At Smile Solutions, Melbourne's most technologically advanced dental practice, that process has been replaced by an integrated digital pipeline: intraoral scanning that captures millions of data points in seconds, and in-house DLP 3D printing that converts those data points into physical models, surgical guides, orthodontic appliances, and prosthetic components — all without leaving the building. This article examines how that pipeline works, why the specific technology choices matter clinically, and what the peer-reviewed evidence says about the superiority of this approach.
Why Traditional Impressions Fall Short: The Clinical Case for Going Digital
Conventional dental impressions involve the use of physical materials — such as alginate, polyvinyl siloxane (PVS), or polyether — loaded into an impression tray and seated in the patient's mouth until the material sets, creating a negative physical mould of the oral structures. This mould is then sent to a dental laboratory, where a stone cast is poured to create a positive replica.

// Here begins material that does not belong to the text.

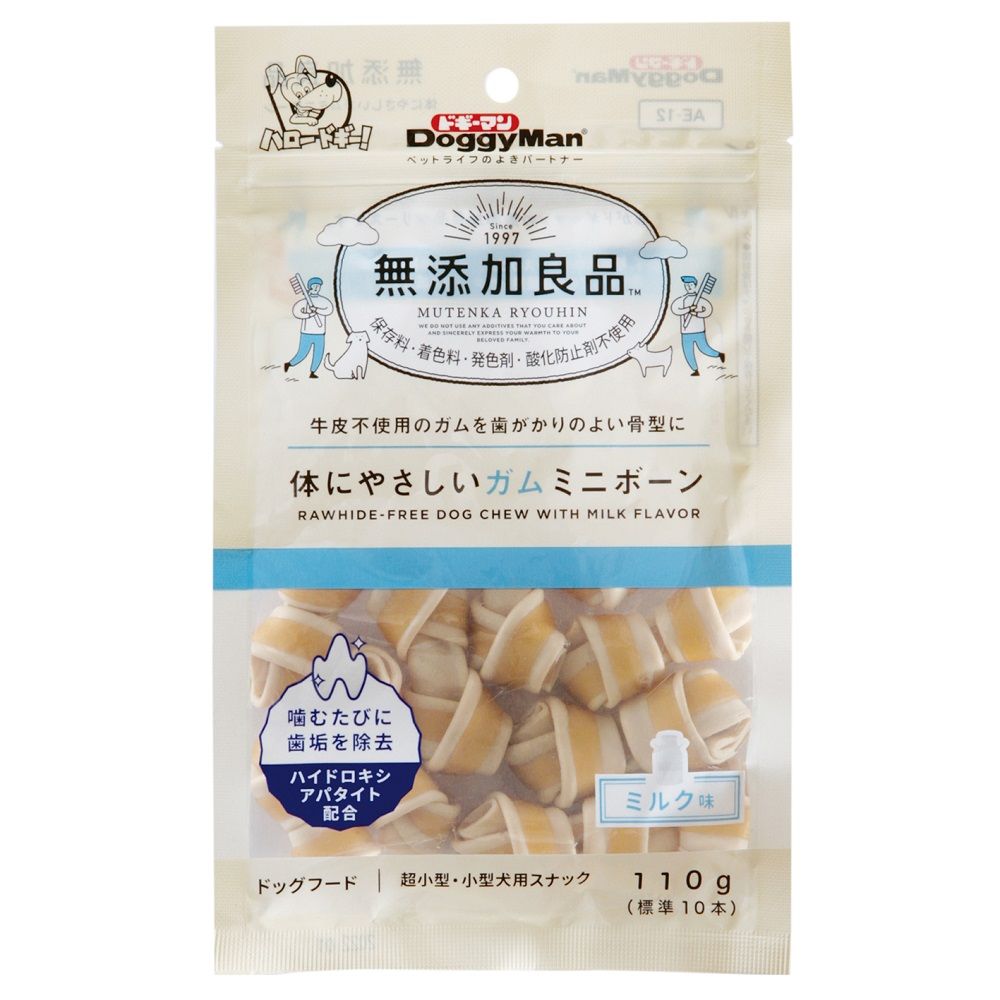 Dogyman Additive-Free Good Quality Gentle Gum Mini Bone 110g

This analogue chain introduces multiple opportunities for error. Research has shown that conventional dental impressions are prone to inaccuracies due to factors such as potential distortion and expansion of gypsum casts, as well as changes in shape over time when impressions are sent to dental laboratories. Alginate, in particular, is dimensionally unstable: its primary limitation is poor dimensional stability due to syneresis (water loss from the material) and imbibition (water absorption), and alginate impressions must be poured within 15 minutes to avoid distortion, unless an extended-pour formulation is used.

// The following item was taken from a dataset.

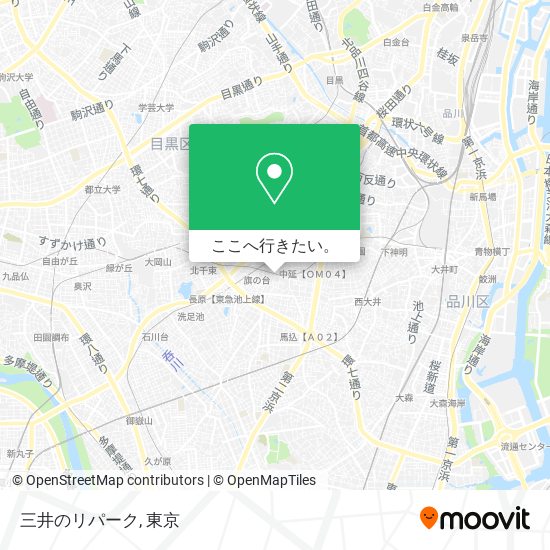 三井のリパーク地図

Beyond accuracy, there is a meaningful patient-comfort dimension. Digital workflow, thanks to recent developments in CAD/CAM technology in implant dentistry, has allowed the overcoming of some limitations of conventional impression techniques, primarily related to patient comfort — as the process of taking a traditional impression can be unpleasant for some patients, such as children or individuals with strong gag reflexes.
The clinical evidence for patient preference is clear. In a crossover randomised controlled trial published in PLOS ONE (Bosoni et al., University of Florence, 2023), 18 out of 24 patients preferred digital impression (75%; P = .014), scanning time was significantly shorter than alginate impression time (difference –118 seconds; P < .001), and comfort was significantly higher for digital impression (P = .007).

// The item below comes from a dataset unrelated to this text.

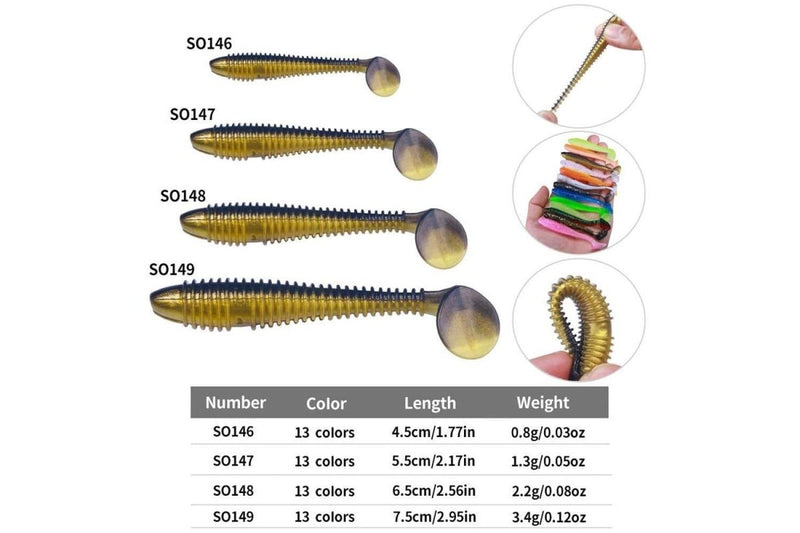 Spaghetti Worm t Tail Soft Bait For Fishing Colour 1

Smile Solutions' Intraoral Scanning Fleet: A Multi-Scanner Strategy
What distinguishes Smile Solutions from most Australian dental practices is not simply owning one intraoral scanner — it is operating a strategically selected fleet of complementary systems, each deployed for the clinical scenario it handles best.
The CEREC Primescan: High-Throughput Restorative Scanning
In 1985, Dentsply Sirona introduced the first chairside CAD/CAM workflow, Chairside Economical Restoration of Esthetic Ceramics (CEREC), whose intraoral scanners have evolved through Redcam, Bluecam, Omnicam, and now Primescan. The Primescan represents the current apex of that lineage.
The Primescan's innovative Smart Pixel Sensor and dynamic depth scan technology deliver perfect sharpness even in up to 20mm depth, and the Smart Pixel Sensor processes more than 1,000,000 3D points per second, producing photorealistic and highly accurate data. In practical terms, this means the scanner captures a full arch in under one minute without requiring powder application on tooth surfaces — a significant ergonomic and workflow advantage over earlier CEREC generations.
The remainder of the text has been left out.